0
votes

I'm using an ST32F401RE (ARM Cortex -M4 32-bit RISC) and was curious about the following.

Normally instructions on a 32 bit ARM can be 2 byte or 4 byte long. I accidentally jumped in-between a 2 byte instruction and the Microprocessor instantly went into an infinite Error Handler loop afterwards.

I later tested this and jumped on purpose in-between a 4 byte and 2 byte instruction and the Microprocessor would always go into the Error Handler.

I used the following c code to jump into Memory Adresses.

void (*foo)(void) = (void (*)())0x80002e8;
foo( ) ;

The Adresses for functions and instructions are from the Disassembly. The Compiler used the following assembler instruction after storing the adress in r3.

blx     r3

Question: How exactly can the Microprocessor tell that it didn't start at the beginning of an instruction but actually started in-between one?
Especially in case of the 16 bit thumb instructions which are already pretty cramped.

I have multiple guesses but want to know what exactly is going on.

1
It's not clear from your question exactly how you "jumped". Have you looked up the relevant instruction in the ARMv7-M Architecture Reference Manual and read the description? - Michael
void (*foo)(void) = (void (*)())0x80002e8; foo (); this will always crash on a Cortex-M, as the address is even, indicating that the target instruction set is ARM (A32), which the Cortex-M don't support; but the blx instruction (x = exchange) requests the switch to ARM. You have to set the lowest bit in the address to indicate a jump to a Thumb instruction, or use the bl instruction (without exchange). - Erlkoenig
@Erlkoenig I also used the c goto when i tested this. It makes sense now, why the compiler added the orr.w r3, r3, #1 line. - negatic
Indirect go-to is a GCC extension anyways... Jumping to arbitrary addresses directly from C is always problematic. Better avoid it, or perhaps use (inline) assembly. - Erlkoenig
Maybe something like __asm__ volatile ("blx %[fun]" : : [fun]"r"(0x80002e9) : "memory"); so you can directly control how the call/jump works. The address can be any C expression that yields a 32bit value. - Erlkoenig

1 Answers

1
votes

Normally instructions on a 32 bit ARM can be 2 byte or 4 byte long.

Only for Thumb2; on Thumb they are all 2 bytes, and on ARM ("A32") mode they are all 4 bytes.

Question: How exactly can the Microprocessor tell that it didn't start at the beginning of an instruction but actually started in-between one?

It can't.

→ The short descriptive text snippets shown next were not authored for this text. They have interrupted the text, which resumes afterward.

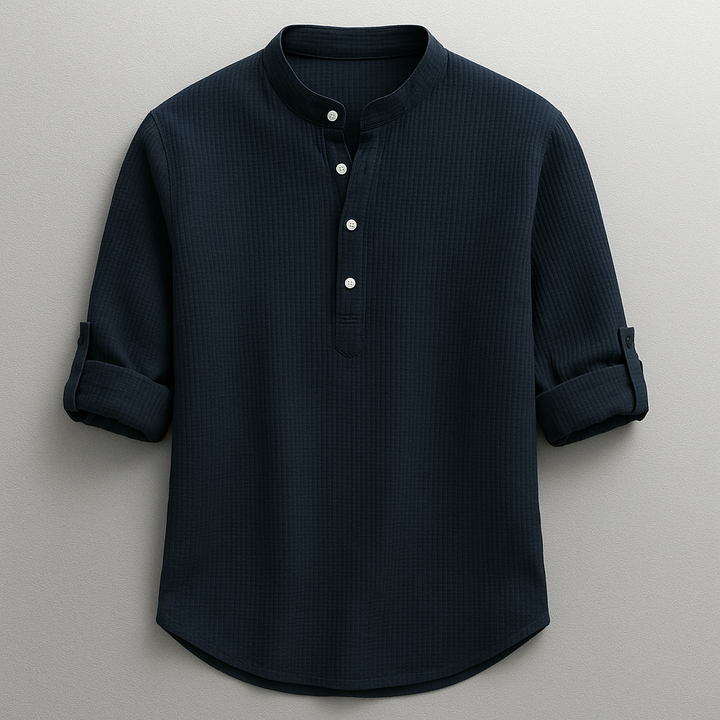 Antero - Camicia a Maniche Lunghe Con Collo Henley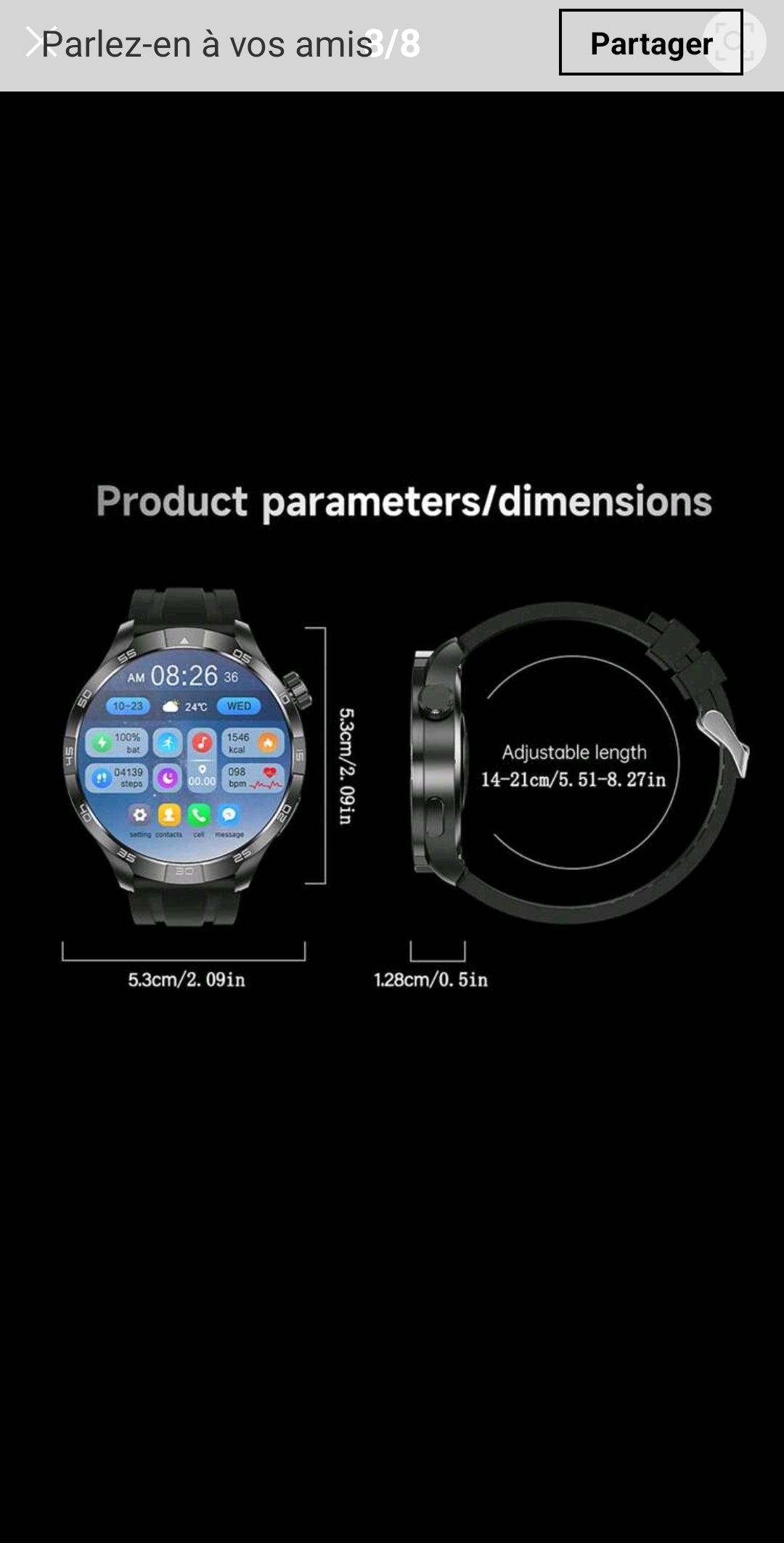 GUHUAVMI Montre connectée GUHUAVMI GT4 pour hommes avec écran tactile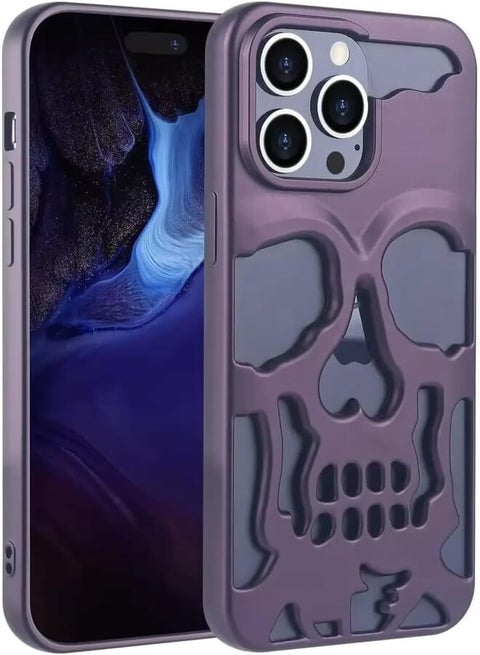 Next Store Compatible with iPhone 13 PC Case Skull Design with Laser Technology Color Film, Hollow Out Glossy Finish Plating Slim Stylish Shell." (Mauve)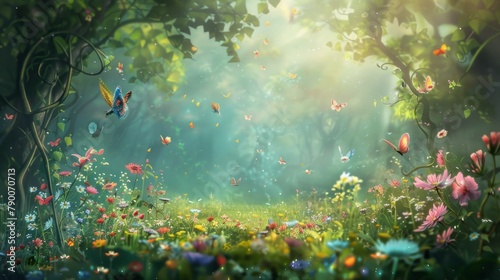 Fairy Day background concept. woods nature. copy space © Otseira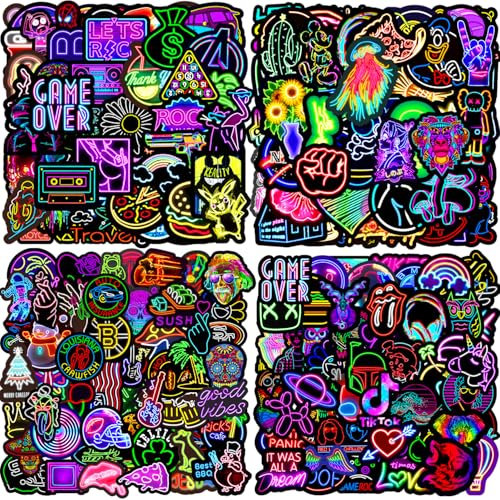 Veszoen Pack of 200 Neon Graffiti Stickers, Neon Sign Stickers, Waterproof Vinyl, Skateboard Stickers for Laptop, Phone, MacBook, Scooter, Scrapbook, Journal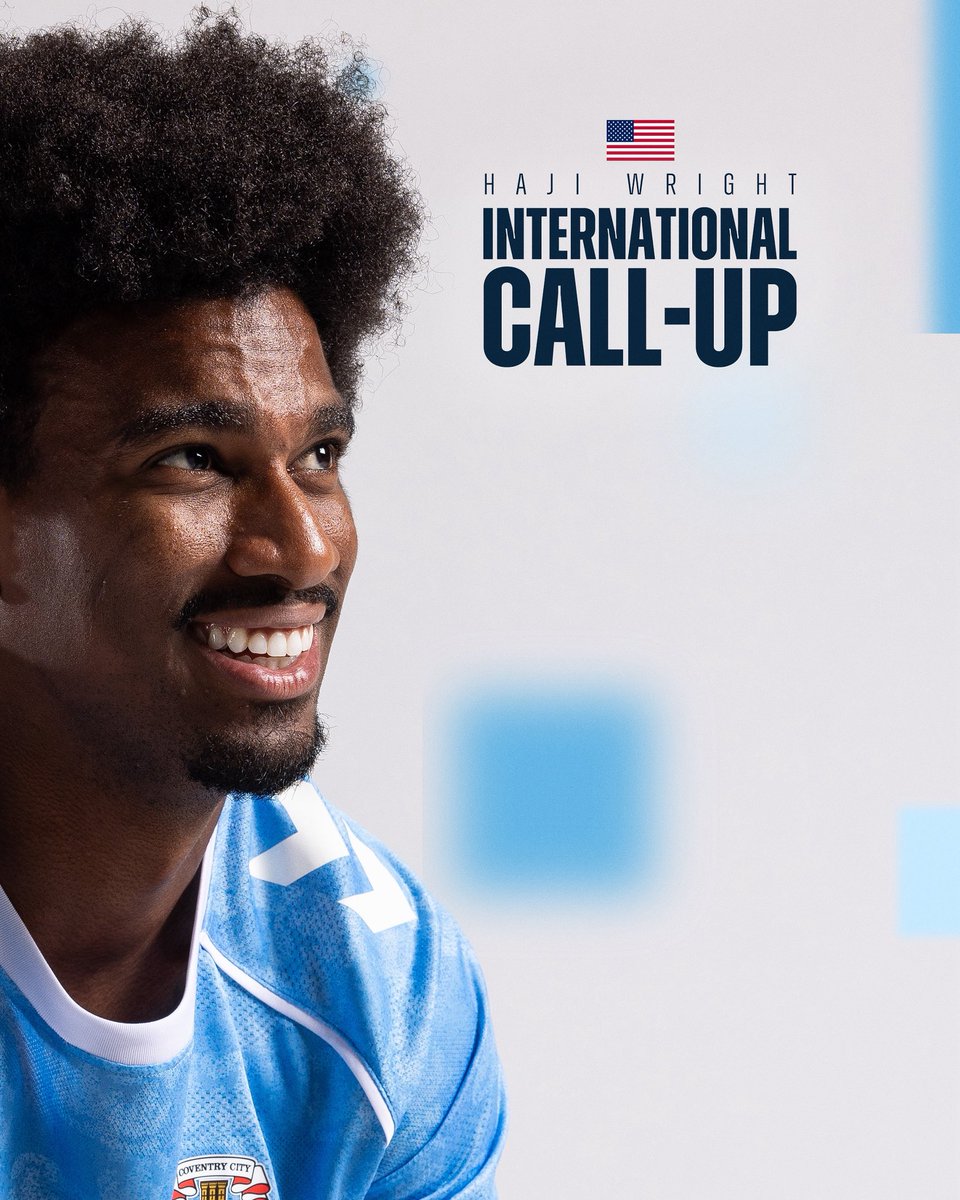 Coventry_City's tweet image. Another call-up for Haji. 🤝

Haji Wright will be back with the @USMNT for their upcoming games against Paraguay and Uruguay. 🇺🇸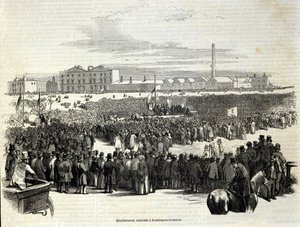 Chartisten-Demonstration in Kennington Common: eine politische Arbeiterbewegung, Vorläufer des Sozialismus. Gravur von 1848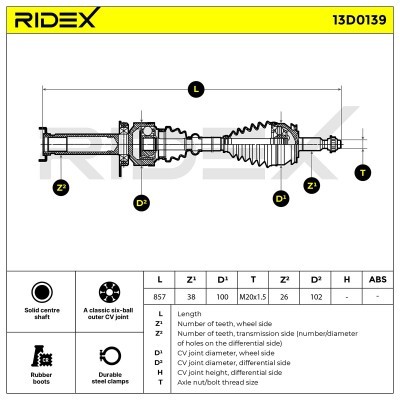 Drive Shaft RIDEX 13D0139 13D0139 - photo 8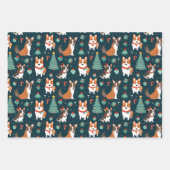愛犬家クリスマスパターンキュートホリデーコルギ ラッピングペーパーシート (正面)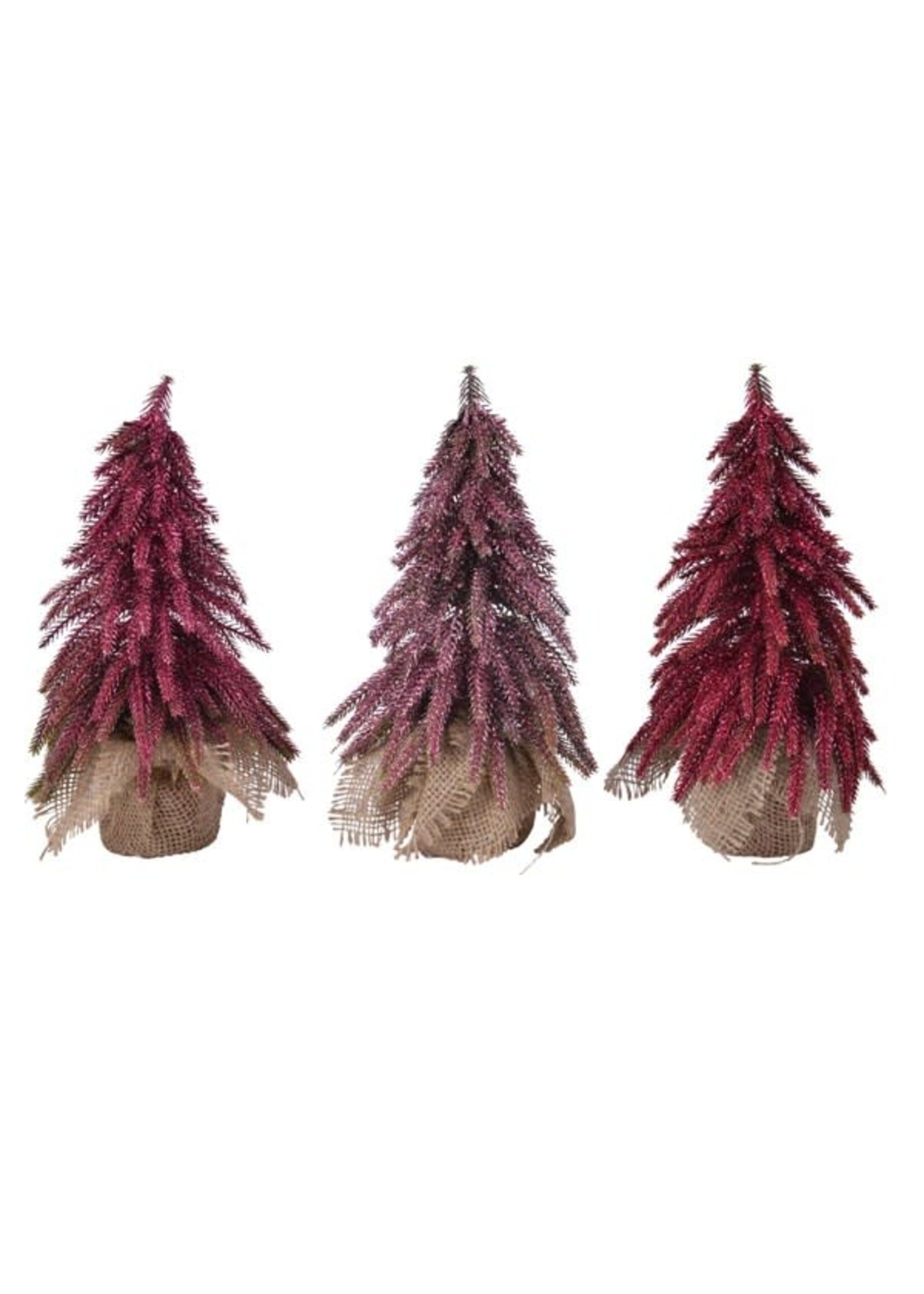 Decoris Mini Pink Glitter Trees 3Ass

If the 2 upper bytes of a 4-byte instruction happen to form a valid 2-byte instruction and you jump there, it will be executed as such. In your case, these upper 2 bytes probably were all invalid instructions, resulting in a fault exception.

For example, the program

.code 16
.syntax unified

test4byte:
    mov.w r0, #0x88000000
    
test2byte:
    ands r0, r1

will be assembled into

00000000 <test4byte>:
   0:   f04f 4008   mov.w   r0, #2281701376 ; 0x88000000

00000004 <test2byte>:
   4:   4008        ands    r0, r1

or as a byte-wise hex dump

4f f0 08 40 08 40

As you see, the sequence 08 40 occurs twice - both as the upper 2 bytes of the mov.w and as the ands instruction, both of which are identical. So, the processor has no way to tell these apart.

In a program that just contained the shown mov.w instruction, if you jumped to address 0, the mov.w would be executed; if you jumped to address 2, an ands would be executed, even though it doesn't appear in the assembly code.